◆ Work to be completed ◆
Transcribe, word for word and without additions, each line below from the one containing "インプレッサハッチバックSTI 2.5 WRX Aライン 4WD　 2500" through the one containing "Временный руководящий совет", both ends included.

==== Provided records ====

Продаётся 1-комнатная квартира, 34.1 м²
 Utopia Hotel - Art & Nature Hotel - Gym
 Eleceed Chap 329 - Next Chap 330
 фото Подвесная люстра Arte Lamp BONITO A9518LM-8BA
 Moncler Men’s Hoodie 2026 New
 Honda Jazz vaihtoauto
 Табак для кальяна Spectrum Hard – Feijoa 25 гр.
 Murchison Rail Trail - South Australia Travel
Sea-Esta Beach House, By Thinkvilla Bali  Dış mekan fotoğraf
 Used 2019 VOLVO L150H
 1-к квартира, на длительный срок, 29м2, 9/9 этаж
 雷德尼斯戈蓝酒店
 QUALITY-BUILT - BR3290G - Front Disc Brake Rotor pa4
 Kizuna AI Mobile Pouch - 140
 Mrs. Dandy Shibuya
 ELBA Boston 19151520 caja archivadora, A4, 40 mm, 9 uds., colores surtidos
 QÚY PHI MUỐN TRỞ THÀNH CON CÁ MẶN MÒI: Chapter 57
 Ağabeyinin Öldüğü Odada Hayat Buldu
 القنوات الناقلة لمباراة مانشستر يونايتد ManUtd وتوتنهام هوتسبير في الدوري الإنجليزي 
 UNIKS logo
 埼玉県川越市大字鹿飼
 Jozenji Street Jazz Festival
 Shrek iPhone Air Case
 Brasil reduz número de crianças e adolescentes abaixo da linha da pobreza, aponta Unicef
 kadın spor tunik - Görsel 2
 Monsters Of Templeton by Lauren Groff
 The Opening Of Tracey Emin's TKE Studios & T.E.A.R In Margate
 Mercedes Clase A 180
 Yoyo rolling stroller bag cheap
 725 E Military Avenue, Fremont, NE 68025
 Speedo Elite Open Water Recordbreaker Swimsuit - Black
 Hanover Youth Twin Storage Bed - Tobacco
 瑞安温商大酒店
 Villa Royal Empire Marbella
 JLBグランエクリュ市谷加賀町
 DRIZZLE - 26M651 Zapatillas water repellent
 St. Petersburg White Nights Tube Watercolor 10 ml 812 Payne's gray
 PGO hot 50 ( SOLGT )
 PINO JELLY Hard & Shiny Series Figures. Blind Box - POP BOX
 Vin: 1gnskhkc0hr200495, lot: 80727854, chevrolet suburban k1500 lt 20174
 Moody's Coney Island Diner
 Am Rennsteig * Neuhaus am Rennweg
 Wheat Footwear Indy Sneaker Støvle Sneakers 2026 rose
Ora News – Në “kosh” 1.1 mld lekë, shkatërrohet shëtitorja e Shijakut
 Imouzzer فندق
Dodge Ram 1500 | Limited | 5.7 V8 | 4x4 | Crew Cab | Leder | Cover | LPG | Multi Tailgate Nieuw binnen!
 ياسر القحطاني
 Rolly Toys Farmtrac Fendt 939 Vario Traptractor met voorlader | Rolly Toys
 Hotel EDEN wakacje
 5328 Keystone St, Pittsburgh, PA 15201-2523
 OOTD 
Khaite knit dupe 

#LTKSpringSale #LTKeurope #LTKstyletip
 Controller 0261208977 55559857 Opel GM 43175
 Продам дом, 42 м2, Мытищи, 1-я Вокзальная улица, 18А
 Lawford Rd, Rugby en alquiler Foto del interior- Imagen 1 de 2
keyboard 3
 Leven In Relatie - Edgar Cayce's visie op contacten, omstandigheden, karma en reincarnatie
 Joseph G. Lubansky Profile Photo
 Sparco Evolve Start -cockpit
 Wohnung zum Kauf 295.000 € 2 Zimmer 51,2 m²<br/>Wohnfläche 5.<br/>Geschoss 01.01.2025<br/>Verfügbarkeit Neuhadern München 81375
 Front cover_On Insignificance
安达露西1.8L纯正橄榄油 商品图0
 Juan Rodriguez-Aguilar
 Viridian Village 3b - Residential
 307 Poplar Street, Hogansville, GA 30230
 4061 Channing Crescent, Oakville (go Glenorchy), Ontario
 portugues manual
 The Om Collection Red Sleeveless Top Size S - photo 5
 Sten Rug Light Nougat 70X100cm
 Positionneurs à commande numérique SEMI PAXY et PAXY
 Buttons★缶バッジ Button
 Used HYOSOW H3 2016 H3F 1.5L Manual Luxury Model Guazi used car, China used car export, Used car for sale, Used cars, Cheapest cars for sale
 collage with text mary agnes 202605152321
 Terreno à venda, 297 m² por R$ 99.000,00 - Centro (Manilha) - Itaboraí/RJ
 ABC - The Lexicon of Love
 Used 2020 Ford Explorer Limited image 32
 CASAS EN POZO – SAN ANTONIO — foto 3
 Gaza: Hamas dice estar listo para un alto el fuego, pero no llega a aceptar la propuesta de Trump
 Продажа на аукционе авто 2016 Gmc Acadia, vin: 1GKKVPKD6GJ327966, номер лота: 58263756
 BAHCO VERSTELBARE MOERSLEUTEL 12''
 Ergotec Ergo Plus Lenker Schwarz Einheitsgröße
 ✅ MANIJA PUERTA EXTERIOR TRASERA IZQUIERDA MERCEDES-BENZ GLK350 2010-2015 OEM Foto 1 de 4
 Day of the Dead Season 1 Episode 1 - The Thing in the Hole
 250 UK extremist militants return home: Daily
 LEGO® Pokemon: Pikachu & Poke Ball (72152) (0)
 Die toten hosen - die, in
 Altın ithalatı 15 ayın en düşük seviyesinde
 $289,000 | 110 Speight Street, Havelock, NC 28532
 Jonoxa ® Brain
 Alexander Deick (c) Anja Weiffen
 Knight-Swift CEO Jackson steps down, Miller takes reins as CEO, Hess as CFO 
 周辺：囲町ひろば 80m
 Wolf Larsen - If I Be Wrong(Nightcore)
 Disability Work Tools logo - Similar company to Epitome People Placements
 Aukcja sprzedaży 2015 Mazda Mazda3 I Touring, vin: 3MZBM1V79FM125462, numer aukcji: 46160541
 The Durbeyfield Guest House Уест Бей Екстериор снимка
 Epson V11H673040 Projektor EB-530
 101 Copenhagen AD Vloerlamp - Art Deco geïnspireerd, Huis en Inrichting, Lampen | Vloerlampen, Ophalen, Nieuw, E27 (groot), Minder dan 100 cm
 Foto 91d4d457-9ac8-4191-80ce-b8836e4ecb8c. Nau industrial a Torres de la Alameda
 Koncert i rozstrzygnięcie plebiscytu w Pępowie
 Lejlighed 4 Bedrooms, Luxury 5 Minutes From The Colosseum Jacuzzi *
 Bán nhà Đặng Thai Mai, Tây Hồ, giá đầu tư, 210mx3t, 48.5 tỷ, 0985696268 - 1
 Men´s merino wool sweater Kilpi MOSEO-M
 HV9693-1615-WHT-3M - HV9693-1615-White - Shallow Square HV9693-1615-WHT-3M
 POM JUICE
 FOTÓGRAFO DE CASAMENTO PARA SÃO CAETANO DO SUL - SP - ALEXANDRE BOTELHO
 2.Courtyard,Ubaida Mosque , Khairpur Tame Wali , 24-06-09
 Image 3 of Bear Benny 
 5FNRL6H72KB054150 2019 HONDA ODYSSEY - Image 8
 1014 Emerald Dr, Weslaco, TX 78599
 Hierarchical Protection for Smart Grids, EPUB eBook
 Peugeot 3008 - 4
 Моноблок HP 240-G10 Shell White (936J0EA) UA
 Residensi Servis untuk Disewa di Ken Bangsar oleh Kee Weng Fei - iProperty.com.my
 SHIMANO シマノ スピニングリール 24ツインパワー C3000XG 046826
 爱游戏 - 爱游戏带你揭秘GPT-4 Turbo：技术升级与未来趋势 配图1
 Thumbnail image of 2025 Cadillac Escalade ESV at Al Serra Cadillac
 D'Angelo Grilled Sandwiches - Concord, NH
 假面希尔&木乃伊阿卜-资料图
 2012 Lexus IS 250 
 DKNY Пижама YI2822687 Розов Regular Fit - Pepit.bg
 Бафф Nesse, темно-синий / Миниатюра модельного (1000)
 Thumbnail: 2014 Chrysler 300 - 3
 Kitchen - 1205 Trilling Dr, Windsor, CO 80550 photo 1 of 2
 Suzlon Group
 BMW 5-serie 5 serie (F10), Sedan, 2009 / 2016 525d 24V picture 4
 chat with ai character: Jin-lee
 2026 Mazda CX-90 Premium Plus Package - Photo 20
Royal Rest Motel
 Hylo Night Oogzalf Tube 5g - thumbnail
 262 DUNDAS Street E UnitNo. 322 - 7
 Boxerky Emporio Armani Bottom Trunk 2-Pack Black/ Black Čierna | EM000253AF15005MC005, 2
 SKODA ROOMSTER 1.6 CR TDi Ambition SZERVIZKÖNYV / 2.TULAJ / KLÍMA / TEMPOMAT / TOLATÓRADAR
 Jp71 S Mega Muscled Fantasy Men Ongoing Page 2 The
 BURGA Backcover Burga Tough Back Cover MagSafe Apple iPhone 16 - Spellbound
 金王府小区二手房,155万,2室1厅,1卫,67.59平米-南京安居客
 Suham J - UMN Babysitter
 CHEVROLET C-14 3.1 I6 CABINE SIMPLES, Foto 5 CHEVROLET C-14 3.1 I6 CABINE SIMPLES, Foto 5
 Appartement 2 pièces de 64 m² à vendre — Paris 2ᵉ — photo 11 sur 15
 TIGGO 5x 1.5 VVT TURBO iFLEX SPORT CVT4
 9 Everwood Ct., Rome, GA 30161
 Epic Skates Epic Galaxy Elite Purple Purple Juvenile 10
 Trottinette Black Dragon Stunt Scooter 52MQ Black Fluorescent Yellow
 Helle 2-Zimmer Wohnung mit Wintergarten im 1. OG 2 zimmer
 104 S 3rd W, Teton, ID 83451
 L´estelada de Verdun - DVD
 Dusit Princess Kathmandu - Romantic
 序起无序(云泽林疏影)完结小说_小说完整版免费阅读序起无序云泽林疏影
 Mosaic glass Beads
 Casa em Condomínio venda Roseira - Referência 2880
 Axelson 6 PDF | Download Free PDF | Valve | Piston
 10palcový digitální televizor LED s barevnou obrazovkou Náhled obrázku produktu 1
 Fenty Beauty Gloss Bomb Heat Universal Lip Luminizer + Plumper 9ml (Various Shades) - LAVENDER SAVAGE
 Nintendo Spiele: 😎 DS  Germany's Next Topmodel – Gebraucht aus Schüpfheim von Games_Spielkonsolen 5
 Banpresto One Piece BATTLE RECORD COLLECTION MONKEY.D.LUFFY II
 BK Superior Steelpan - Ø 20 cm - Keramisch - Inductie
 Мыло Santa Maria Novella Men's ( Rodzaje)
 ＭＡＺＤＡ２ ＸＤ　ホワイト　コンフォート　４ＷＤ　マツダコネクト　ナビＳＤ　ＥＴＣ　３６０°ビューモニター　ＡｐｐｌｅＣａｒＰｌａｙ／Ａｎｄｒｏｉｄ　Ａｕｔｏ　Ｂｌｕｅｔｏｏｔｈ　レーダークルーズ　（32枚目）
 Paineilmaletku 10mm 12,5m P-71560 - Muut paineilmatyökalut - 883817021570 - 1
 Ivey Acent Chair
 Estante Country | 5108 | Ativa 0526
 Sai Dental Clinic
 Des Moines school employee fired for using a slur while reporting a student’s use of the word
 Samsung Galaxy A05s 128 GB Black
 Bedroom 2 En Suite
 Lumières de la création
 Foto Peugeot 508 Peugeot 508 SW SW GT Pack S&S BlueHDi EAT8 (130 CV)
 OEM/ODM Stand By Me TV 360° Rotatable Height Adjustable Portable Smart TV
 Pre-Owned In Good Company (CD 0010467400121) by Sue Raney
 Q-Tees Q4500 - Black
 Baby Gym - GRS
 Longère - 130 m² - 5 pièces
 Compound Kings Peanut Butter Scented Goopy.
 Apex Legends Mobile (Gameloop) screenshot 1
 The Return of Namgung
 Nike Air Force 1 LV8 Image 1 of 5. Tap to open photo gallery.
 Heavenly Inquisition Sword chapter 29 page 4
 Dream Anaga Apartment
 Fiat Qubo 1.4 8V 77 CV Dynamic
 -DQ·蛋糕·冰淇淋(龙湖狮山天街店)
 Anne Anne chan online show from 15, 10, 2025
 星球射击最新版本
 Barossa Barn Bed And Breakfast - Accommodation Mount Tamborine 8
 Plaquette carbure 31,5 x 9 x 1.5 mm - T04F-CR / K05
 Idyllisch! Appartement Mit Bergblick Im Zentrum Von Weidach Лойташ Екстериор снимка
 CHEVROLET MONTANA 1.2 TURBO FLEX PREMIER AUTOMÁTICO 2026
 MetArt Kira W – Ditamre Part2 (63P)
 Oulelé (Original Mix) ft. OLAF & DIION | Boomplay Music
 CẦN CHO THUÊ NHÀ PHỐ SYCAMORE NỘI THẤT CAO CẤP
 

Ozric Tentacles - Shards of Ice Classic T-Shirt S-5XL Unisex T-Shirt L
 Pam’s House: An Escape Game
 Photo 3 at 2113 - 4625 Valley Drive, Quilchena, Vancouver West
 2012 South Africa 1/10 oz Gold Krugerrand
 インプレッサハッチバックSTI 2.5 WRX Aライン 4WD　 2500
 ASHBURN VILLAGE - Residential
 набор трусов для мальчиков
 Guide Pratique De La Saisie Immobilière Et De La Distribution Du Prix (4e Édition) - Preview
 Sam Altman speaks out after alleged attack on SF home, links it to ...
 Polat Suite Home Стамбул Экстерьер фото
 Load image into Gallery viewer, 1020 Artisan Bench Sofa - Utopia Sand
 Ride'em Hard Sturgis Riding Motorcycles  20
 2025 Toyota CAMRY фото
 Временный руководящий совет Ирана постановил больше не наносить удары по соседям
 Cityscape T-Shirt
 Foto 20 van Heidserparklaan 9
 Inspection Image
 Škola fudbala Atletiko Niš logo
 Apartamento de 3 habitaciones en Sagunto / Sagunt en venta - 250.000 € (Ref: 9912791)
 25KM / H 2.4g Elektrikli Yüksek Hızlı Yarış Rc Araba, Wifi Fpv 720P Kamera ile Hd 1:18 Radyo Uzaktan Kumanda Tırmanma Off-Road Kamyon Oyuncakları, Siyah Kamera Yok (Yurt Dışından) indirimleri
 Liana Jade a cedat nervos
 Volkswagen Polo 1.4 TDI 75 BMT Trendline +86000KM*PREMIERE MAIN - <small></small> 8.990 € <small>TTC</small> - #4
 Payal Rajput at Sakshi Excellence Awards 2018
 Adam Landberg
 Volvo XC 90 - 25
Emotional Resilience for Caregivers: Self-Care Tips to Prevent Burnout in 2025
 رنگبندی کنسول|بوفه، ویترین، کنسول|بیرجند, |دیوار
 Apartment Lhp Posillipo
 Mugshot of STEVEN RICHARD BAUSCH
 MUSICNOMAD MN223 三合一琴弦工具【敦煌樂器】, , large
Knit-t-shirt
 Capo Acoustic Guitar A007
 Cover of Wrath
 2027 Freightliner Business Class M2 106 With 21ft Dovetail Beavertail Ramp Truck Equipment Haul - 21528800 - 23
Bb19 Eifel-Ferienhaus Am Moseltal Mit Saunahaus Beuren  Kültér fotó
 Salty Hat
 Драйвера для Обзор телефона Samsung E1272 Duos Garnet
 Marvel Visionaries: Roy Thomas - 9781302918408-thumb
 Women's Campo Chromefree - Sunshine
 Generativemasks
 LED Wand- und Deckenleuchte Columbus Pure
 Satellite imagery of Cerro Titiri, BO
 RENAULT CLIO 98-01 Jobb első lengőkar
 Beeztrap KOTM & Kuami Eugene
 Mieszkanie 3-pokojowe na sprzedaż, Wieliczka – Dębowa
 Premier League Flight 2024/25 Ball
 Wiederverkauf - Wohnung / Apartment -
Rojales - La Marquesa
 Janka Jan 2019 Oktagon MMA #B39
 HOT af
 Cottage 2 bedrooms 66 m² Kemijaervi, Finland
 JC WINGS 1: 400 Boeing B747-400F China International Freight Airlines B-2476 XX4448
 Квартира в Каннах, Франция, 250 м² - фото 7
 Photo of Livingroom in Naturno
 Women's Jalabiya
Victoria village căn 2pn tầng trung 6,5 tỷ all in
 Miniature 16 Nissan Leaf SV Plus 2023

====

◆ Output ◆
 インプレッサハッチバックSTI 2.5 WRX Aライン 4WD　 2500
 ASHBURN VILLAGE - Residential
 набор трусов для мальчиков
 Guide Pratique De La Saisie Immobilière Et De La Distribution Du Prix (4e Édition) - Preview
 Sam Altman speaks out after alleged attack on SF home, links it to ...
 Polat Suite Home Стамбул Экстерьер фото
 Load image into Gallery viewer, 1020 Artisan Bench Sofa - Utopia Sand
 Ride'em Hard Sturgis Riding Motorcycles  20
 2025 Toyota CAMRY фото
 Временный руководящий совет Ирана постановил больше не наносить удары по соседям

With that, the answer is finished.